Third, Luke is showing us the power of prayer. God hears the prayers of the faithful:
“For the eyes of the Lord are on the righteous and his ears are attentive to their prayer, but the face of the Lord is against those who do evil.”1 Peter 3:12
Therefore confess your sins to each other and pray for each other so that you may be healed. The prayer of a righteous person is powerful and effective.James 5:16
In Luke, Jesus will teach us to be like a persistent widow that kept coming before a judge to get justice. Luke prefaces that story with these words:
“Then Jesus told his disciples a parable to show them that they should always pray and not give up.”Luke 18:1
God is a good God. This is demonstrated in the way God goes out of his way to bless Zechariah and Elizabeth. God could have brought John the Baptist into the world any way he wanted. But it pleased God to bless this faithful couple who had prayed for so long. He tells them, “You will have joy and gladness.” Them having joy and gladness was not essential to John’s mission. This is just an individual version of the goodwill that will be pronounced at the birth of Jesus: “Peace on earth… goodwill to man.” God is for us, not against us.

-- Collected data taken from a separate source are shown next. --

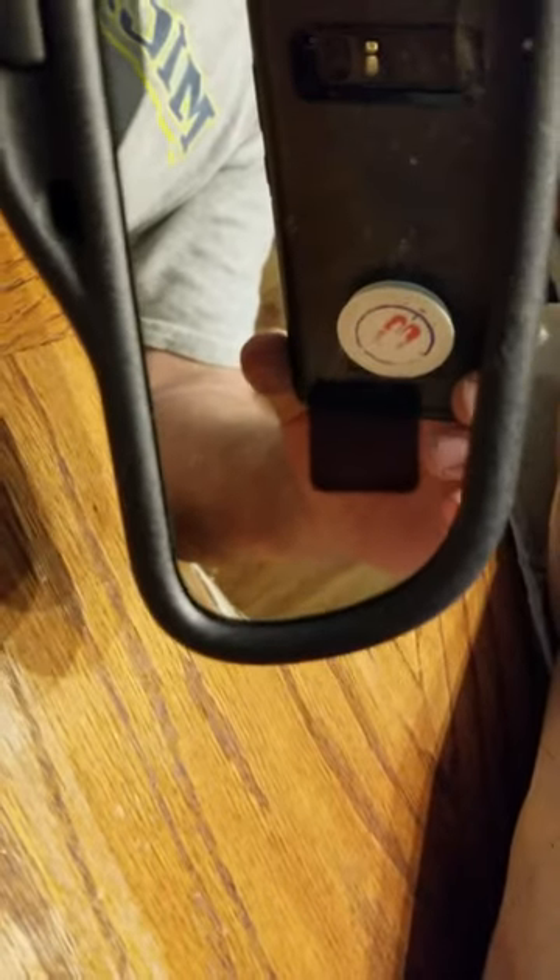Right here I have a rearview mirror for a Silverado — mine's a 2003 — and the display is not working. I fixed it already once and I'm going to fix it again, so we're going to go step-by-step.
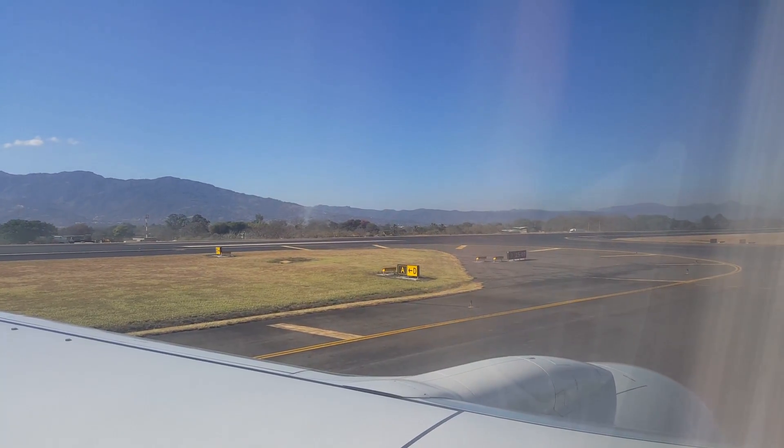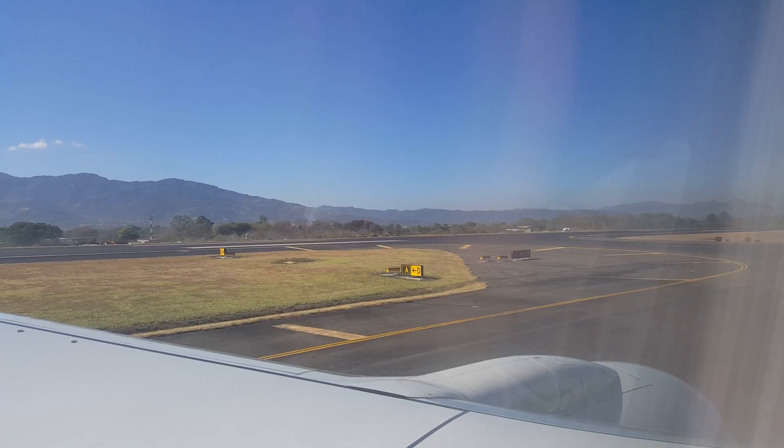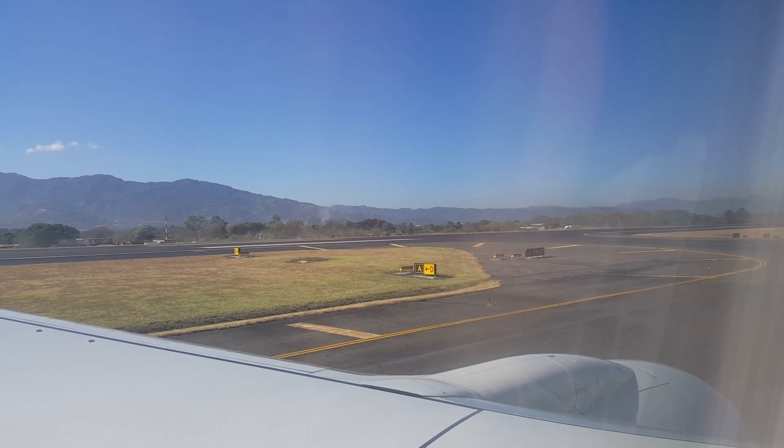The crew will now be coming around to do a final cabin check. After takeoff, we'll be back with more information. Thank you.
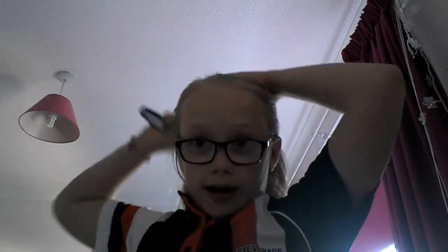So the first thing I'm doing is just brushing my hair. Next I'm just going to put it in a ponytail. Next I'm just going to brush all the knots out. Now I'm just going to twist it and put it into a little bun.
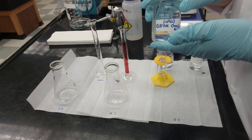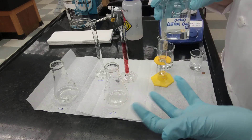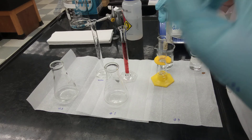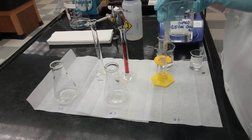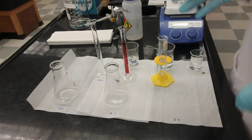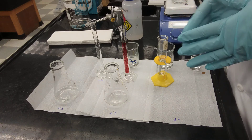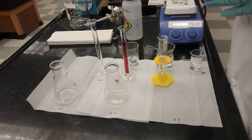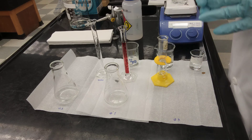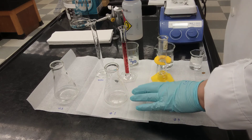Since we know the concentration of oxalic acid, we can calculate how many moles of oxalic acid we have in each sample. Based on that number of moles, we can calculate the number of moles of potassium permanganate and use that to get the exact concentration of the dilution we prepared. We're preparing three samples in exactly the same way. Each sample needs 10 milliliters of distilled water, 4 milliliters of oxalic acid with known concentration, and 4 milliliters of sulfuric acid at 3 molar concentration.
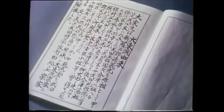Hi, this is Shadi. Today we're going to be looking at Katsuhiko Kondo's Daitoryu DVD.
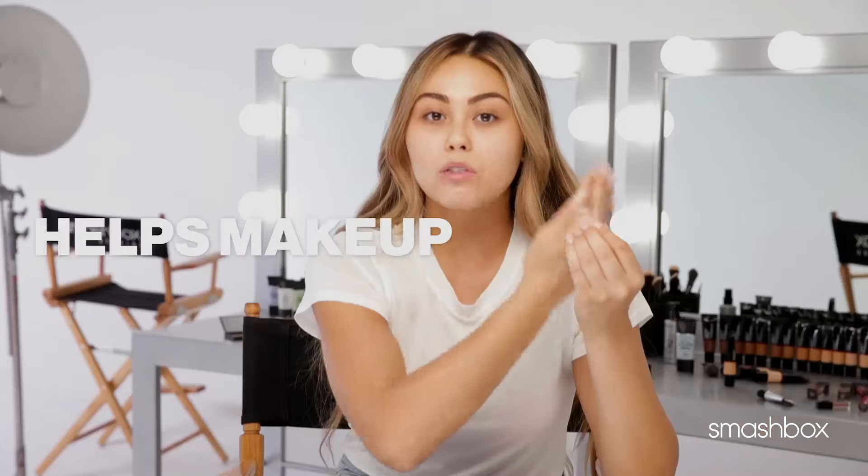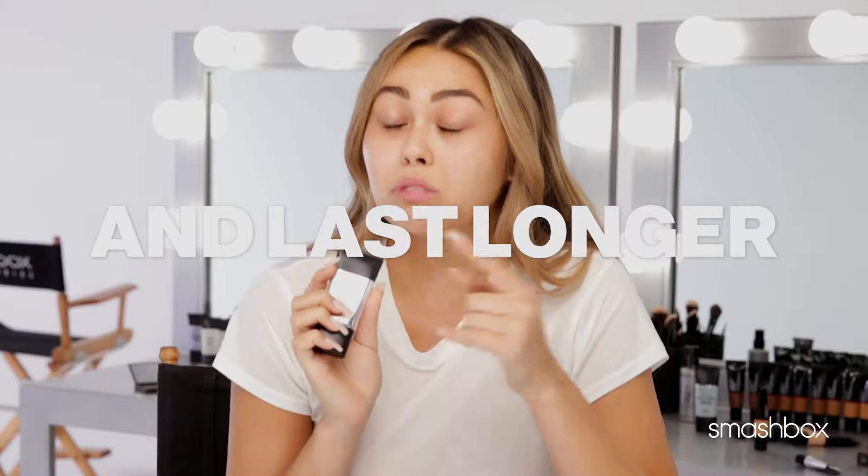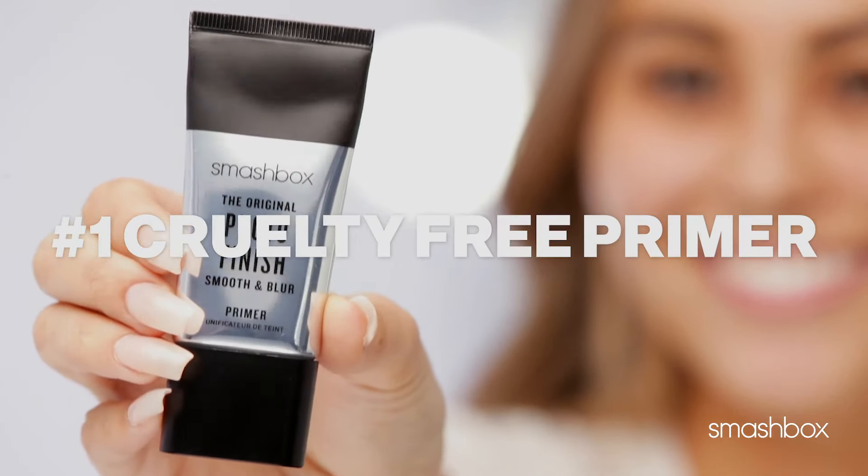It just smooths over every wrinkle or pore without feeling heavy. It's actually really lightweight — really been loving it and it's definitely my new go-to.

Prayer is most powerful when we marry our needs to God’s divine purpose. Jesus teaches us to pray, “Your kingdom come, your will be done on earth as it is in heaven.”
So weave your needs in with God’s kingdom as you pray. Always keep the Kingdom of God in mind. If you need finances, frame that in the context of the Kingdom. “God, I want to take care of my needs and also be a blessing to your Kingdom and to others.” Get a Kingdom vision.
If you are praying for health, weave that to God’s Kingdom. God, I am asking for new health and strength so that I can use that strength to glorify your name, to serve your people, and praise your name.
Jesus said when you put God’s kingdom first, God will take care of your needs. Just look at how God is meeting the needs of Zechariah and Elizabeth, even has he is preparing to bring salvation into the world.
Fourth, faithfulness matters. God sees Zechariah and Elizabeth’s faithfulness. Zechariah may not have had the greatest faith (even in the face of an angelic visitation), but he was faithful. God meets us on the road to faithfulness. This vision came to Zechariah as he was doing what he was asked to do. It would have been easy for this couple to give up along the way through all the disappointments. But they kept being faithful.
Keep praying. Keep serving. Keep witnessing. Keep giving. I am not telling you that the Angel Gabriel is going to appear to you, but I am saying the road of faithfulness is where your answers are going to come.
There is so much in this story today of God’s perfect timing. It reminds me of what Paul says to us in Galatians:
Let us not become weary in doing good, for at the proper time we will reap a harvest if we do not give up.Galatians 6:9
If we do the ordinary stuff with an eye to God’s Kingdom and glory, God will do the extraordinary. Sometimes we feel like we need to produce the “wow factor.” That is God’s department. Our part is faithfulness.
Keep connecting with worship online. Keeping coming for Holy Communion, even when we have to do it a different way. Keep praying the Lord’s Prayer with us at noon each day. Keep giving, Keep serving. Keep forgiving.
God’s fire falls on the faithful. The story of Zechariah and Elizabeth shows us that, when we consistently do the ordinary, God does the extraordinary… in his perfect timing.